The use of the relay at the ceiling rose DSC_6061.jpg can give best of both meaning the drops to switch are extra low voltage and you can use smart switching in the same way as a two way switch, so both wall and phone can turn lights on/off when required, although small it is too big to fit inside a ceiling rose.

I know Hager Klik do a 4 pin plug in ceiling rose P64AX/R which allows one to take un-switched power from the rose for emergency lights etc, but I question is a plug in ceiling rose any better than these upload_2022-4-10_10-19-5.png should we take power for other than lights from the ceiling rose?

Since we are in the main limited to 6 amp due to ceiling roses and other junction boxes and switches only being rated at 6 amp we can use around 44 meters of 1.5 mm² and stay within the 3% volt drop.

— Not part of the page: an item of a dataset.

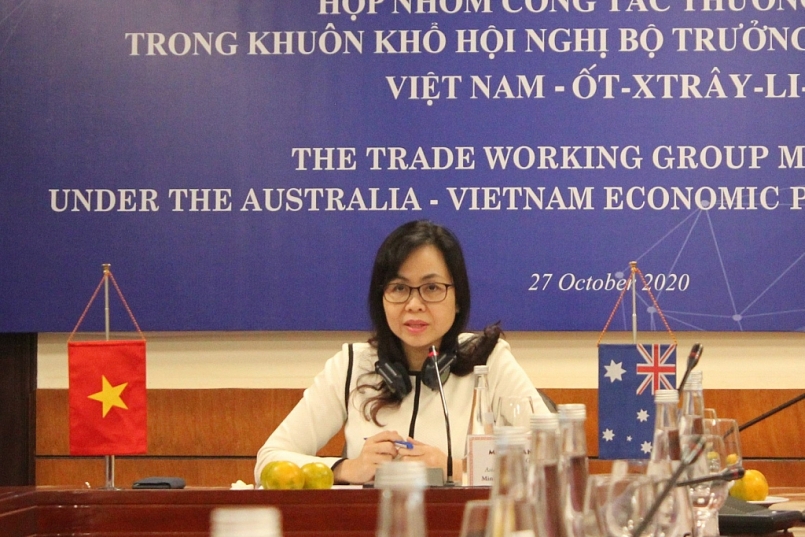 Đại diện cho phía Việt Nam, Vụ trưởng Vụ Thị trường châu Á - châu Phi Lê Hoàng Oanh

I know LED lamps do not suffer in same way as fluorescent lamps with volt drop, and likely we can get away with more, but have you ever measured the volt drop on lights? Assuming a loop impedance of 0.35 Ω on the in coming supply we should have no lower than 1.81 Ω at the ceiling roses between lives (line and neutral) I have not personally checked in resent years need some thing like the plugs shown into a socket to match loop impedance tester to do the test, and I never bothered to make one up.

But I know how easy it was to exceed the 88 meters, now 106 meters for sockets, so can one wire a house with less than 44 meters of cable for lights? Down to 29 meters with 1 mm² which would be very easy to exceed.

So with volt drop considerations I think loop at ceiling rose is the only way with larger homes.